◆ Provided records
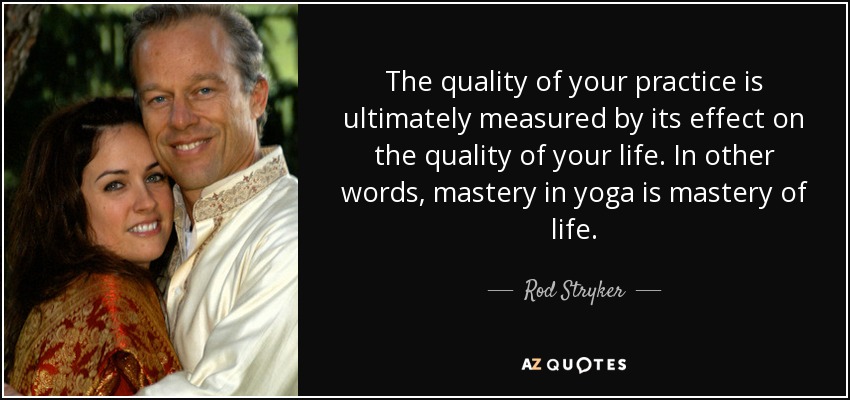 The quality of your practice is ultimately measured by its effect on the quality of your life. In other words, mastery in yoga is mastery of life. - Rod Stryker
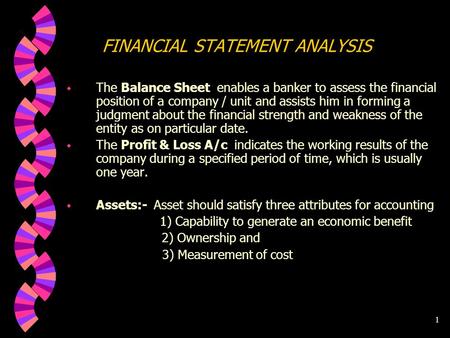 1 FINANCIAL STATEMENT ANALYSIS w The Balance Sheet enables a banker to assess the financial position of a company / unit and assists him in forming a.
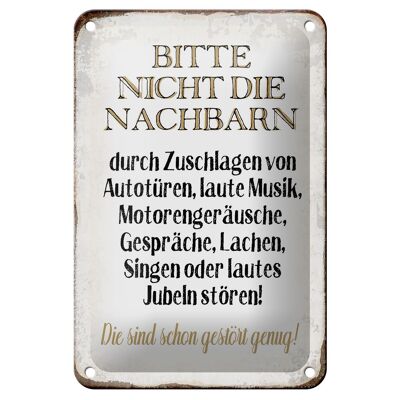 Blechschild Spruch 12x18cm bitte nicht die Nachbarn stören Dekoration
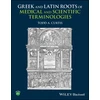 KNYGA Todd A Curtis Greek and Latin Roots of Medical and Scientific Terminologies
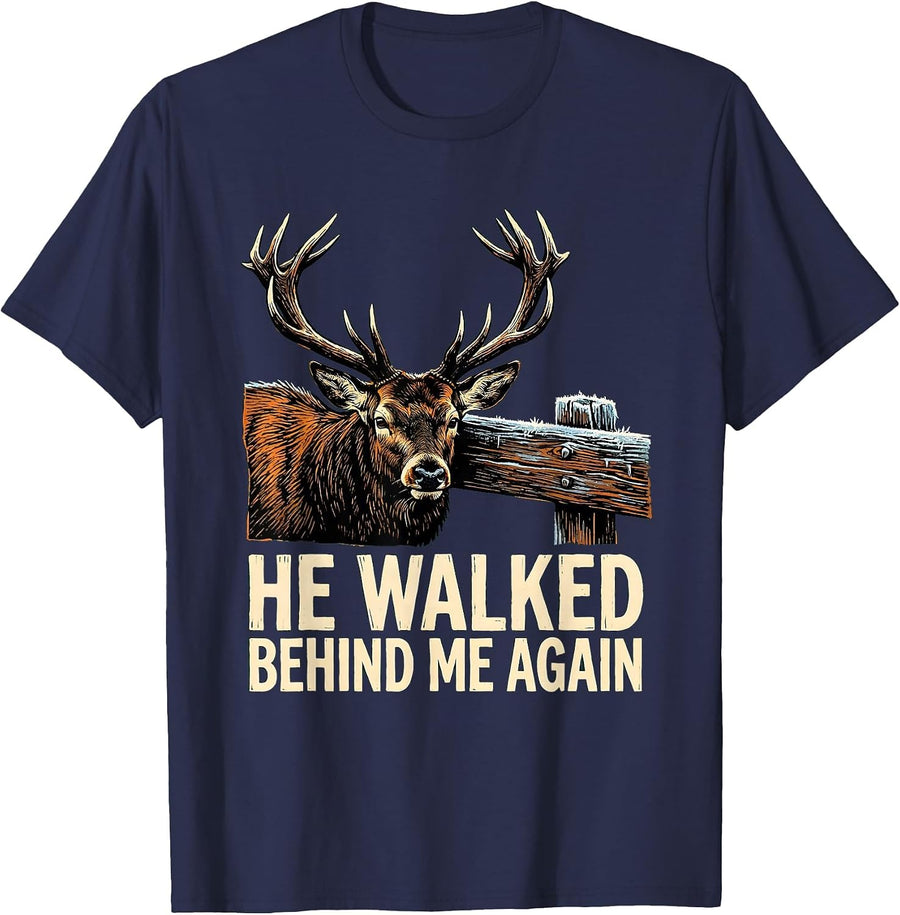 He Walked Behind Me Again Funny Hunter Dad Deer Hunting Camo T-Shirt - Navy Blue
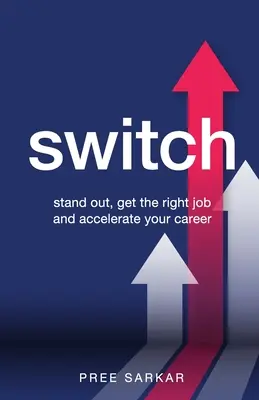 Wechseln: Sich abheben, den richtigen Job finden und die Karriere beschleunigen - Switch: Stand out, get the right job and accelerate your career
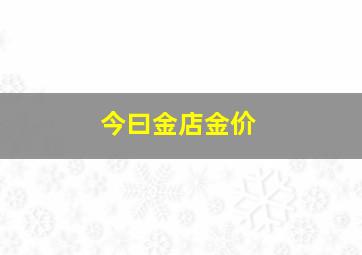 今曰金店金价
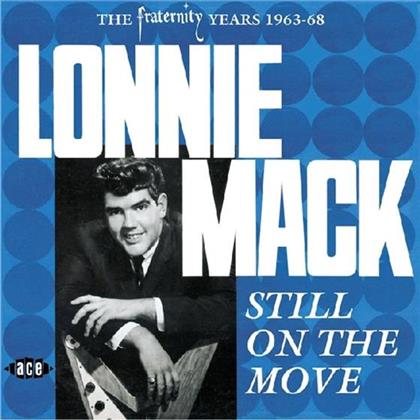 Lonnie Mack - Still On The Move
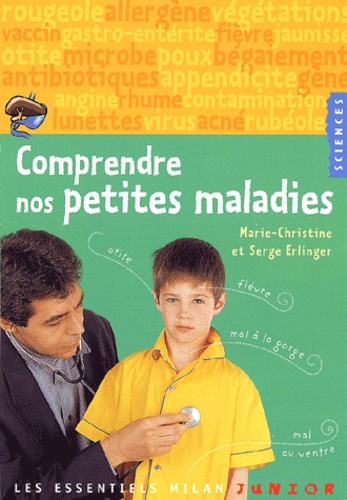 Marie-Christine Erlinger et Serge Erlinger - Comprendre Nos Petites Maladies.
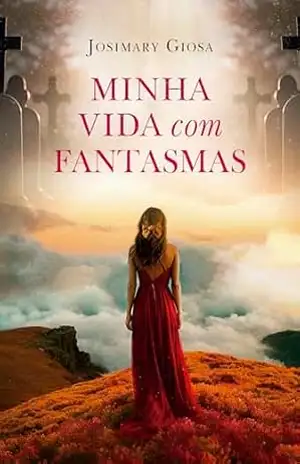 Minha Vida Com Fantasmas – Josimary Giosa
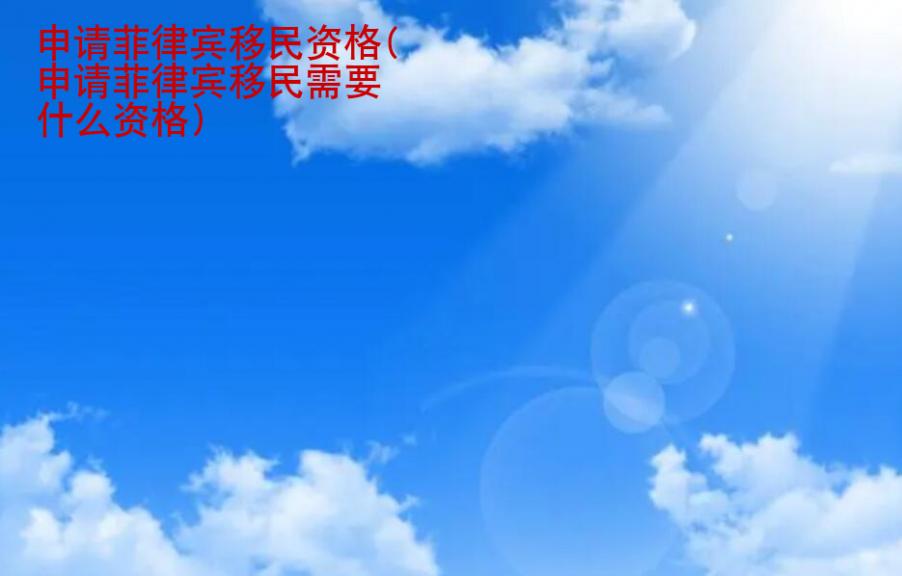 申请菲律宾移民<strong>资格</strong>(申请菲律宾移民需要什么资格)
...
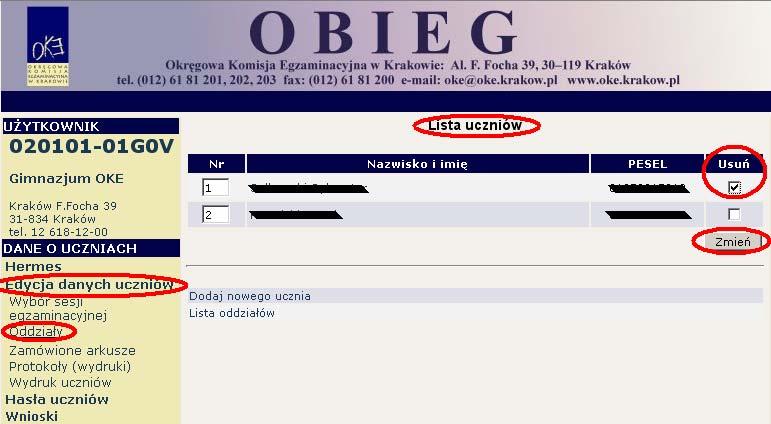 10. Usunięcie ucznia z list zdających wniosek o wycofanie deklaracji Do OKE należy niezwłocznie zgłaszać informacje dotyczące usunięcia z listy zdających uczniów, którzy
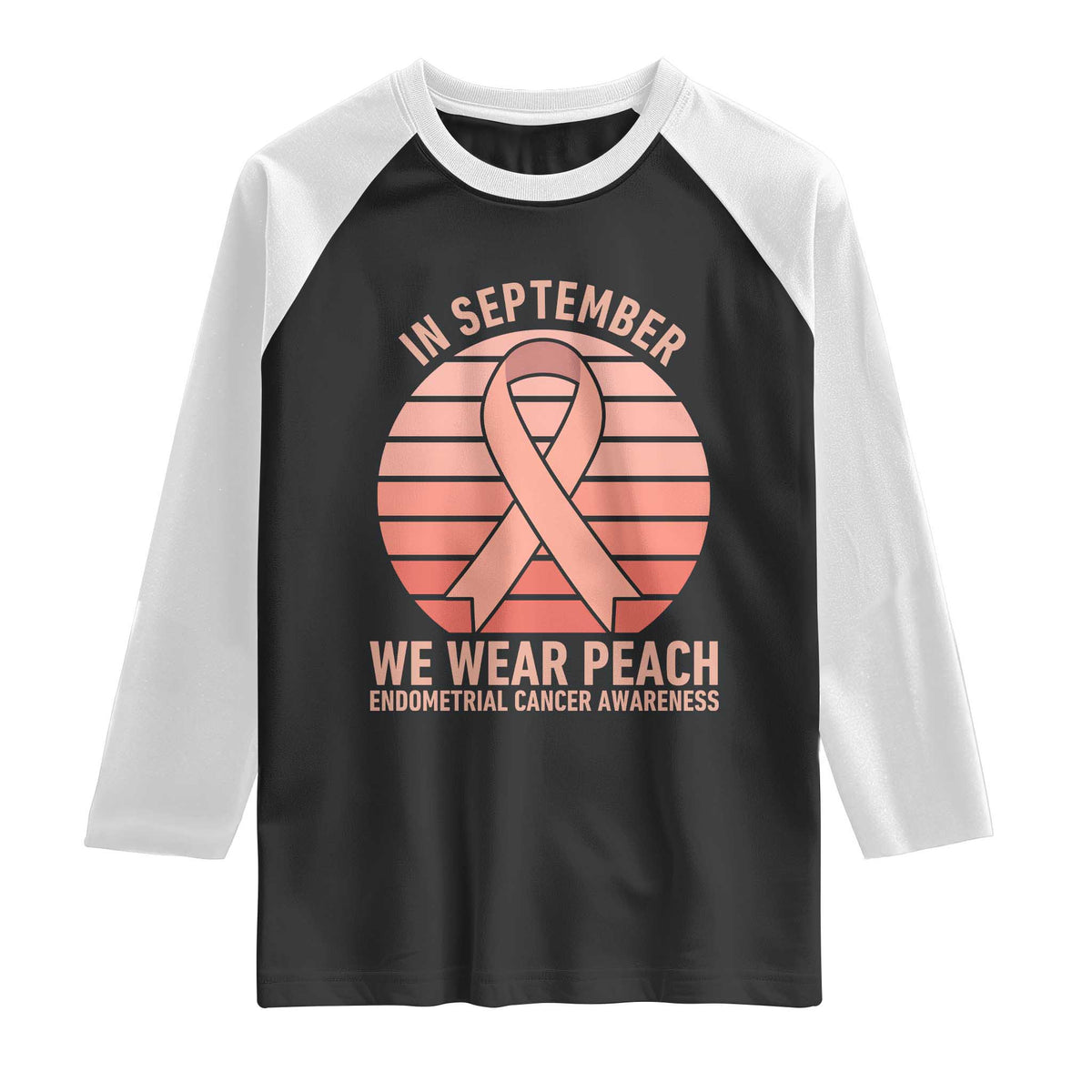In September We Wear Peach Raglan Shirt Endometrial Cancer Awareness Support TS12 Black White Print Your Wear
...
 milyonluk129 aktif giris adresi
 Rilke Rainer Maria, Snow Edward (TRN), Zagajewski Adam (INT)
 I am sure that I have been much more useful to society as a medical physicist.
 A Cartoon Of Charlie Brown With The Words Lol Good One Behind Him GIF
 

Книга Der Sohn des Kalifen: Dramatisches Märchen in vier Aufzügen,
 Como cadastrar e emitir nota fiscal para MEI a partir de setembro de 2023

◆ Your goal
Your answer should be the lines above, from the line containing "Rilke Rainer Maria, Snow" up to and including the line containing "Como cadastrar e", reproduced exactly and with nothing else.

◆ Exercise response
 Rilke Rainer Maria, Snow Edward (TRN), Zagajewski Adam (INT)
 I am sure that I have been much more useful to society as a medical physicist.
 A Cartoon Of Charlie Brown With The Words Lol Good One Behind Him GIF
 

Книга Der Sohn des Kalifen: Dramatisches Märchen in vier Aufzügen,
 Como cadastrar e emitir nota fiscal para MEI a partir de setembro de 2023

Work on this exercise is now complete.